I would like to tell you that i don't get cravings, 8 and a half years later, but i still do, though they are not the physical kind...they are more like the desire to have one at a party, to just be part of the social aspect of smoking you used to be part of.
since some people love to smoke, like i did, in terms of the enjoyment of it, but not the effects, the love never fully goes away, but fortunately, the impulse and the cravings do, so when the desire to do so comes, it is mostly a wistful memory of good times when you smoked...it is sort of a mirage in a way.
anyway, as i said, the tricks were sort of my own personal development over time, and worked really well for me, and i definitely was a two pack a day addict, first thing in the morning, last thing at night, smoke while shaving, driving, everything smoker.

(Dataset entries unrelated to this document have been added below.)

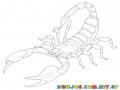 Colorear Alacran Escorpion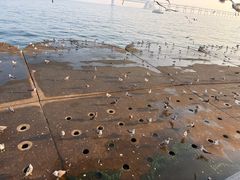 -星海广场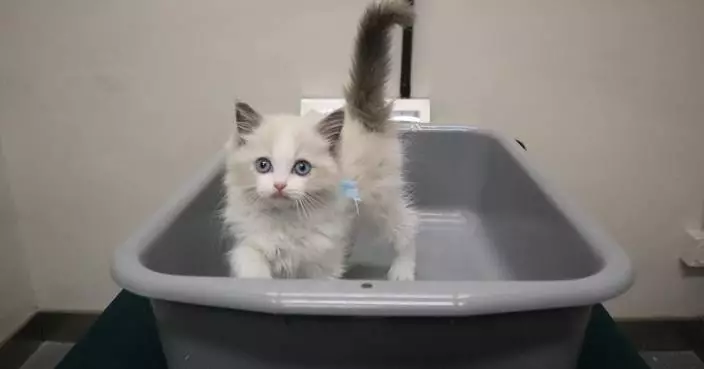 Customs Seizes Illegal Kitten Imported into Hong Kong, Arrests Suspect at Control Point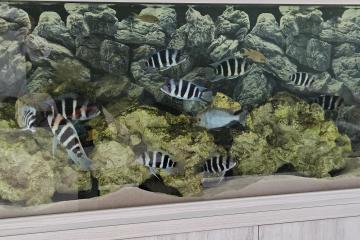 Cyphotilapia frontosa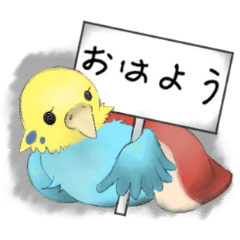 [LINEスタンプ] インコのきぃちゃん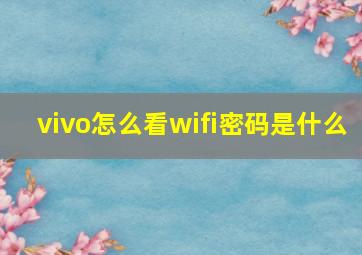 vivo怎么看wifi密码是什么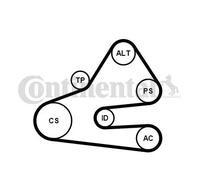 Kit de courroie multi-cannelée Poulie de tension compris 6PK1613K1 pour VW AUDI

my friends always could have only 1 or 2 during the day, then nothing else, then social smoke at night...and that worked for them for years...but now, they are full on, while i have quit...so it is strange.
as said, it can be utterly brutal, but once the physical urge dissipates, it becomes you against your brain, which makes it easier since you are no longer fighting your body, (though fighting your mind can be hard too)
i also felt repeating a mantra helped a bit too when i wanted to smoke...i would simply say to myself "I am not a smoker" or "I don't smoke" a few times. it really is simply an affirmation, but i felt it buttressed the mental aspect.